Start of Provided information

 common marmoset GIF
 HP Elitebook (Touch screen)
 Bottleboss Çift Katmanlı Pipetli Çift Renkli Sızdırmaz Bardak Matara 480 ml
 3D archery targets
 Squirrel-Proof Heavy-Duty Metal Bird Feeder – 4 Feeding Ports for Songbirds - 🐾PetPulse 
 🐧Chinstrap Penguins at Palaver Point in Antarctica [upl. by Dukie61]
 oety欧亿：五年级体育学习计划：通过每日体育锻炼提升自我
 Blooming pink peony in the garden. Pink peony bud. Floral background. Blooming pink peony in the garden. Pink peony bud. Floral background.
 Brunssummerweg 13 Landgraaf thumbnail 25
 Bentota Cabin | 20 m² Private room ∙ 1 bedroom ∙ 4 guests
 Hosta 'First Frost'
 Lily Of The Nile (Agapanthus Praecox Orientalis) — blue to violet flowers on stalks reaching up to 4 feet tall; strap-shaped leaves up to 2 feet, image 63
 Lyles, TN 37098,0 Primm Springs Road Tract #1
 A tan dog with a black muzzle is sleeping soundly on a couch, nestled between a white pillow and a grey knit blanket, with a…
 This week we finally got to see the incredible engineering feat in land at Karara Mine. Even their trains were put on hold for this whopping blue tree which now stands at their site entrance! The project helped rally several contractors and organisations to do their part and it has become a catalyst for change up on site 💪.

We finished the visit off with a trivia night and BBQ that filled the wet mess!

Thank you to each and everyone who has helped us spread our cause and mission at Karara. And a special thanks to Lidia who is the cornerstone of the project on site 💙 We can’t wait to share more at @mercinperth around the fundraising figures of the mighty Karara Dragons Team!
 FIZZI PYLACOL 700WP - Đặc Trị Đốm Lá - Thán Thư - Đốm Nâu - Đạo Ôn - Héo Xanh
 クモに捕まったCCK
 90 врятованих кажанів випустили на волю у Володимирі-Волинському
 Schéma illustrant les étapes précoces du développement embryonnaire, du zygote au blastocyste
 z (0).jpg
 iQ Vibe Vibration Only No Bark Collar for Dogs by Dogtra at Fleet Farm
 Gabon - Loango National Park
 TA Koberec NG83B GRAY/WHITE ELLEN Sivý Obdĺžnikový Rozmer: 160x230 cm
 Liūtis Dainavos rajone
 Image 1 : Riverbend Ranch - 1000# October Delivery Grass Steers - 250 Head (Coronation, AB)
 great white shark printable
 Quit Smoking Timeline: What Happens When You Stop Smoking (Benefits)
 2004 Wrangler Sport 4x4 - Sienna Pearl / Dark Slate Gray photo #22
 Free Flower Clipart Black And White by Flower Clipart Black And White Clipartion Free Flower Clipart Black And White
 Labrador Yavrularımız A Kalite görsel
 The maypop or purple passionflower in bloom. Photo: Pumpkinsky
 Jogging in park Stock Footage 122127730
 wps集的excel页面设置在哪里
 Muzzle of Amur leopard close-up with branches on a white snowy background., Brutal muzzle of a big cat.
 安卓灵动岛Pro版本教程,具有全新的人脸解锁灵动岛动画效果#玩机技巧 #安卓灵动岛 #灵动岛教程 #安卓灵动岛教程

End of Provided information

Nothing should be changed: write out all of the data as is.

 common marmoset GIF
 HP Elitebook (Touch screen)
 Bottleboss Çift Katmanlı Pipetli Çift Renkli Sızdırmaz Bardak Matara 480 ml
 3D archery targets
 Squirrel-Proof Heavy-Duty Metal Bird Feeder – 4 Feeding Ports for Songbirds - 🐾PetPulse 
 🐧Chinstrap Penguins at Palaver Point in Antarctica [upl. by Dukie61]
 oety欧亿：五年级体育学习计划：通过每日体育锻炼提升自我
 Blooming pink peony in the garden. Pink peony bud. Floral background. Blooming pink peony in the garden. Pink peony bud. Floral background.
 Brunssummerweg 13 Landgraaf thumbnail 25
 Bentota Cabin | 20 m² Private room ∙ 1 bedroom ∙ 4 guests
 Hosta 'First Frost'
 Lily Of The Nile (Agapanthus Praecox Orientalis) — blue to violet flowers on stalks reaching up to 4 feet tall; strap-shaped leaves up to 2 feet, image 63
 Lyles, TN 37098,0 Primm Springs Road Tract #1
 A tan dog with a black muzzle is sleeping soundly on a couch, nestled between a white pillow and a grey knit blanket, with a…
 This week we finally got to see the incredible engineering feat in land at Karara Mine. Even their trains were put on hold for this whopping blue tree which now stands at their site entrance! The project helped rally several contractors and organisations to do their part and it has become a catalyst for change up on site 💪.

We finished the visit off with a trivia night and BBQ that filled the wet mess!

Thank you to each and everyone who has helped us spread our cause and mission at Karara. And a special thanks to Lidia who is the cornerstone of the project on site 💙 We can’t wait to share more at @mercinperth around the fundraising figures of the mighty Karara Dragons Team!
 FIZZI PYLACOL 700WP - Đặc Trị Đốm Lá - Thán Thư - Đốm Nâu - Đạo Ôn - Héo Xanh
 クモに捕まったCCK
 90 врятованих кажанів випустили на волю у Володимирі-Волинському
 Schéma illustrant les étapes précoces du développement embryonnaire, du zygote au blastocyste
 z (0).jpg
 iQ Vibe Vibration Only No Bark Collar for Dogs by Dogtra at Fleet Farm
 Gabon - Loango National Park
 TA Koberec NG83B GRAY/WHITE ELLEN Sivý Obdĺžnikový Rozmer: 160x230 cm
 Liūtis Dainavos rajone
 Image 1 : Riverbend Ranch - 1000# October Delivery Grass Steers - 250 Head (Coronation, AB)
 great white shark printable
 Quit Smoking Timeline: What Happens When You Stop Smoking (Benefits)
 2004 Wrangler Sport 4x4 - Sienna Pearl / Dark Slate Gray photo #22
 Free Flower Clipart Black And White by Flower Clipart Black And White Clipartion Free Flower Clipart Black And White
 Labrador Yavrularımız A Kalite görsel
 The maypop or purple passionflower in bloom. Photo: Pumpkinsky
 Jogging in park Stock Footage 122127730
 wps集的excel页面设置在哪里
 Muzzle of Amur leopard close-up with branches on a white snowy background., Brutal muzzle of a big cat.
 安卓灵动岛Pro版本教程,具有全新的人脸解锁灵动岛动画效果#玩机技巧 #安卓灵动岛 #灵动岛教程 #安卓灵动岛教程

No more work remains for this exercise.